Wednesday, April 15, 2020

Stages Of Life

“The glory of young men is their strength, but the splendor of old men is their gray hair.” – Proverbs 20:29

The Bible Study Fellowship I attended in Virginia was composed mostly of women with, well, gray hair. They would look at me, sleep-deprived, nursing, pregnant, hauling toddlers and diaper bags, or all of the above, and say fondly, “the days are long but the years are short.” I’ll never forget how excited the women in my group were for each new baby I had, how special they made me feel. I was able to emerge from my life of surviving from one nap to the next long enough to hear their wisdom: value the stage that you’re in because it won’t last forever and one day you will miss it.

Our society values youth, almost to the point of being pathological about it, but Proverbs recognizes the strengths of every stage of life. The Hebrew words used here for “glory” and “splendor” both essentially mean beauty. If you look them up in a lexicon, they define each other: the word for glory can also mean splendor; the word for splendor can also mean glory. Yet they are different words. There is a unique kind of beauty to be admired and valued in each stage of life. As Tim Keller writes, “The young have a strength and an unwearied ambition that older people cannot muster. The old have a perspective, wisdom and dignity that younger people have yet to acquire. These are all distinct goods that should be enjoyed in their time.”
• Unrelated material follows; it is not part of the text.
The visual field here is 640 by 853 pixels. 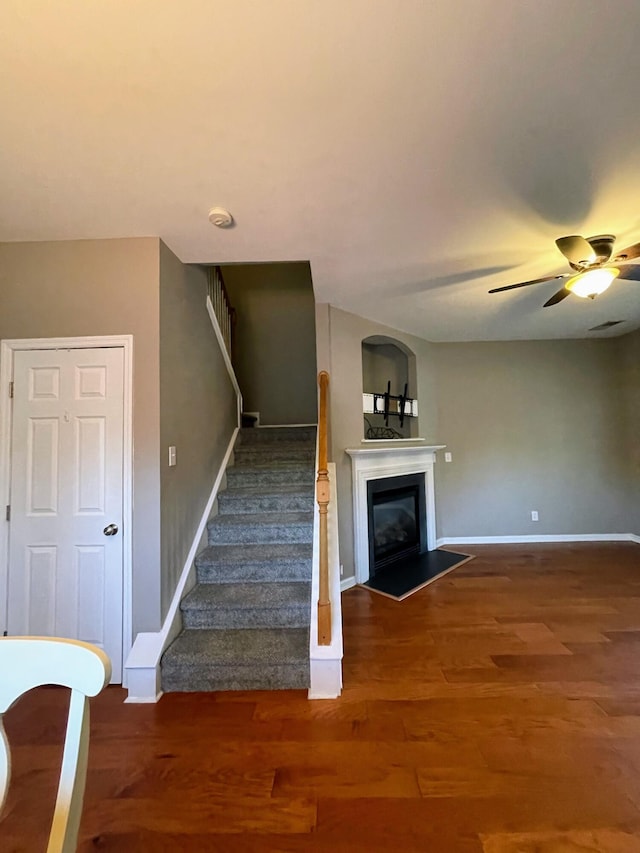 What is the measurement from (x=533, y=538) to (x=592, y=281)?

We should enjoy these goods. We should look for the beauty in our stage of life. Today I hugged Emmy, the only one who still has some baby fat, a little harder. I noticed Ellie’s goofy theatrics, Eric’s irrepressible energy, and Elijah’s quiet curiosity. They will probably not be so open and unfiltered about sharing these things with me forever. And we should spend time with people in other stages of life, for the wisdom, energy and perspective they can offer. 
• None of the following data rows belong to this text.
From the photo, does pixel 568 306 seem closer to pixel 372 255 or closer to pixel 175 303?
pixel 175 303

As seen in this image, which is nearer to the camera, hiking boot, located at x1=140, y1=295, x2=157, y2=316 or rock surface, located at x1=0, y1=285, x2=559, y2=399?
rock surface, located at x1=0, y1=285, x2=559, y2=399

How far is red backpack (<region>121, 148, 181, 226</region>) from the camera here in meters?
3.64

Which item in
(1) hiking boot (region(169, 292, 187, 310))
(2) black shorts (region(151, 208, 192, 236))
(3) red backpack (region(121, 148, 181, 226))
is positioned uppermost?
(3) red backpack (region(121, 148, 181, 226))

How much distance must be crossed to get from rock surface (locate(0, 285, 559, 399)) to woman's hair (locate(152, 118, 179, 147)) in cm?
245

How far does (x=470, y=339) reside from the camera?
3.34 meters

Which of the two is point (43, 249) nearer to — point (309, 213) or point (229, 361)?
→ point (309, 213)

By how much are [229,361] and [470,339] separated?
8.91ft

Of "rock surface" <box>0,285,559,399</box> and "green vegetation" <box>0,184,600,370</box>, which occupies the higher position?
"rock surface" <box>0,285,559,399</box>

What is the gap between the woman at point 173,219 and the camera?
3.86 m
We do tend, though, to long for the stages of life we’re not in. No stage is perfect, but one day, our bodies will be resurrected and redeemed. There will be revealed a kind of glory, beauty and splendor that leaves no room for longing (Romans 8:18-23). J. R. R. Tolkien captures a bit of this in his description of the death of Aragorn: “Then a great beauty was revealed in him, so that all who after came there looked on him with wonder; for they saw the grace of his youth, and the valor of his manhood, and the wisdom and majesty of his age were all blended together. And long there he lay, an image of the splendor of the Kings of Men in glory undimmed before the breaking of the world.”